* [WORK REQUIRED]: Needed from the data below: every line from the one with "If you are asked" up to and including the one with "Generally, you can", repeated exactly and with nothing else.

* [PROVIDED DATA]:
┄┄┄┄┄┄┄┄┄┄
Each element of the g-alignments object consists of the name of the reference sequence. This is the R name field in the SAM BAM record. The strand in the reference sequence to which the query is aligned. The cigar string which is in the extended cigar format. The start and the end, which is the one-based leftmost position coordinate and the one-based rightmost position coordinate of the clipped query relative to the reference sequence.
┄┄┄┄┄┄┄┄┄┄
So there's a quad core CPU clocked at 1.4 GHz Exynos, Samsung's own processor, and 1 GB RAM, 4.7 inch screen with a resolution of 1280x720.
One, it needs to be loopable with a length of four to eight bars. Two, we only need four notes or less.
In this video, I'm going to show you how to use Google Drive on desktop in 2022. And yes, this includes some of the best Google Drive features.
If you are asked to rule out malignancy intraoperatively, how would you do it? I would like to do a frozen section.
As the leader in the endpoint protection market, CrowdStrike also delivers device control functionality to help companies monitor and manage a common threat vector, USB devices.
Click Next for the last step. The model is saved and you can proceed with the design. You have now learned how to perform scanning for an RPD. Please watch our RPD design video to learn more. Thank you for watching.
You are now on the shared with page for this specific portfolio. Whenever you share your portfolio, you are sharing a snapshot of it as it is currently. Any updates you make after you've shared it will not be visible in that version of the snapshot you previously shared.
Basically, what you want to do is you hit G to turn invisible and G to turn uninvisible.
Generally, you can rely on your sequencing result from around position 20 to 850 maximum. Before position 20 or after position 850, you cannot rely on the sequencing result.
┄┄┄┄┄┄┄┄┄┄
* [RESPONSE AREA]:
If you are asked to rule out malignancy intraoperatively, how would you do it? I would like to do a frozen section.
As the leader in the endpoint protection market, CrowdStrike also delivers device control functionality to help companies monitor and manage a common threat vector, USB devices.
Click Next for the last step. The model is saved and you can proceed with the design. You have now learned how to perform scanning for an RPD. Please watch our RPD design video to learn more. Thank you for watching.
You are now on the shared with page for this specific portfolio. Whenever you share your portfolio, you are sharing a snapshot of it as it is currently. Any updates you make after you've shared it will not be visible in that version of the snapshot you previously shared.
Basically, what you want to do is you hit G to turn invisible and G to turn uninvisible.
Generally, you can rely on your sequencing result from around position 20 to 850 maximum. Before position 20 or after position 850, you cannot rely on the sequencing result.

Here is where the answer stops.